A nephew of Dr. Martin Luther King Jr. urged the members of the University of West Georgia community to make service a key part of their lives.
“Performing acts of service, if you are doing them correctly…is a workout for your heart and your soul,” said Isaac Newton Farris Jr., senior vice president of the Martin Luther King Jr. Center for Nonviolent Social Change.
Yet, that service will most likely not be accompanied by compensation, recognition, praise, glory or even a thank you, he said.
“The satisfaction that you get is just by knowing that you have helped someone,” he said.
Farris reminded audience members that the King Holiday is set apart as a day of service on purpose.
“We did not want this to be a day of hero worship,” he said. “Performing acts of service is the key to the beloved community that my uncle so often talked about.”
During the 2010 King holiday more 1 million acts of service were performed and even more were done this year, he said.
Service, he said, should not only happen on that one day, but should become a way of life.
The projects sparked by the King holiday during the past 25 years include: painting homes, planting gardens in housing projects, community food drives, non-violence workshops, repairs to homeless and domestic violence shelters, blood donor drives, gun buy-backs and gang intervention summits.
“Every year the list of community service projects grows,” he said. “And more and more people begin to embrace serving others as a way of life.”
Farris spoke at the UWG Campus Center Ballroom on Jan. 27 for the Second Annual Dr. Martin Luther King Jr. program, which was coordinated by the Office of Institutional Diversity.

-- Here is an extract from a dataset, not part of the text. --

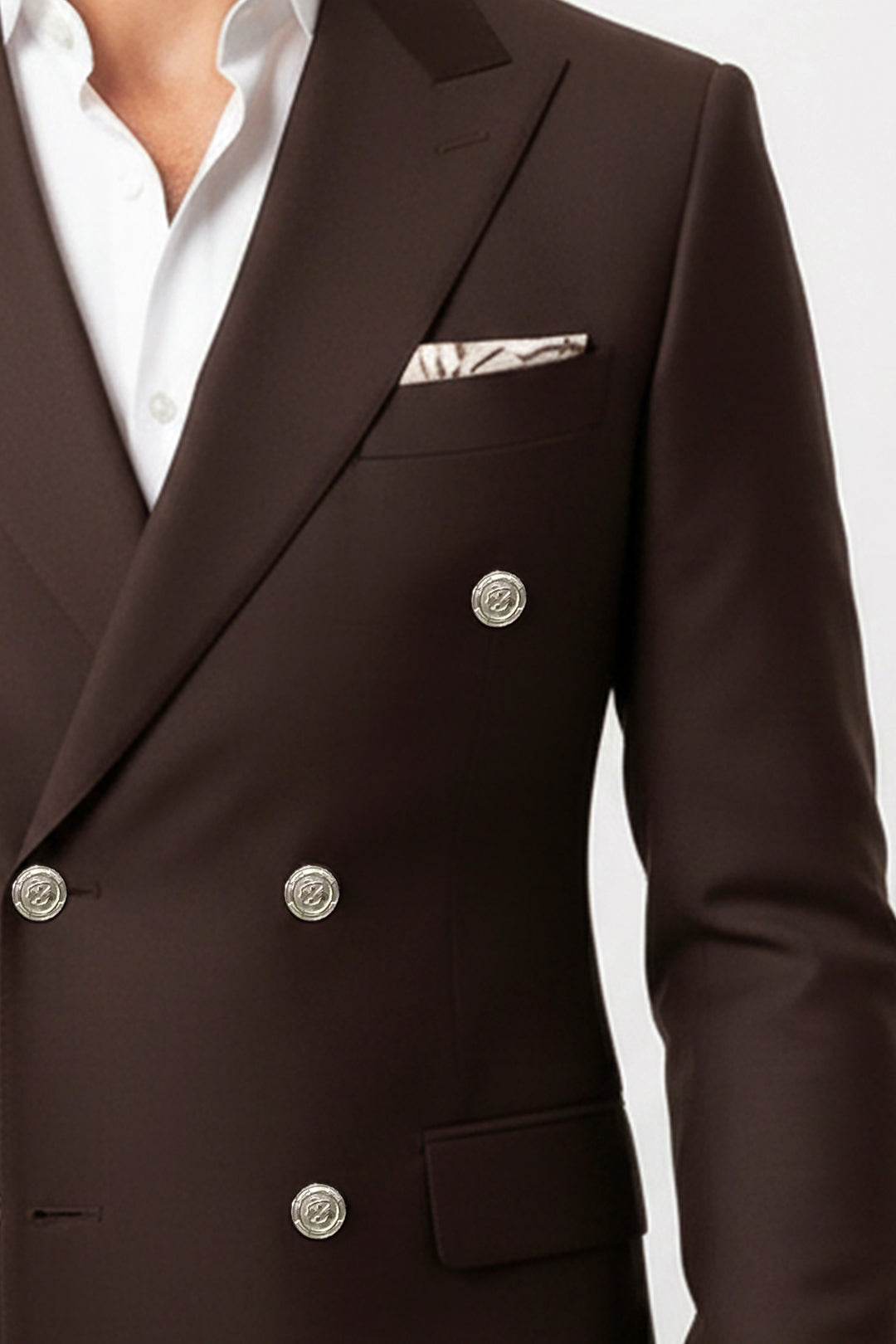 Modern Fit Double-Breasted Brown Men’s Suit with Silver-Tone Metal Buttons – Wessi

Nearly three dozen student organizations participated in the program.
Mentoring young people year-round – all young people not just “at risk” children – is one of the best ways to serve, he said.
Youth were crucial to the Civil Rights movement, particularly in the Birmingham campaign, he said. That was the moment for that generation.
“You don’t have to risk your life,” Farris said. “You don’t have to be beat. You don’t have to have fire hoses turned upon you…. You don’t have to make a sacrifice like that now because they did it for you. But you owe it to them to do what you are called to do now. Community service is one of those things that you are called to do now.”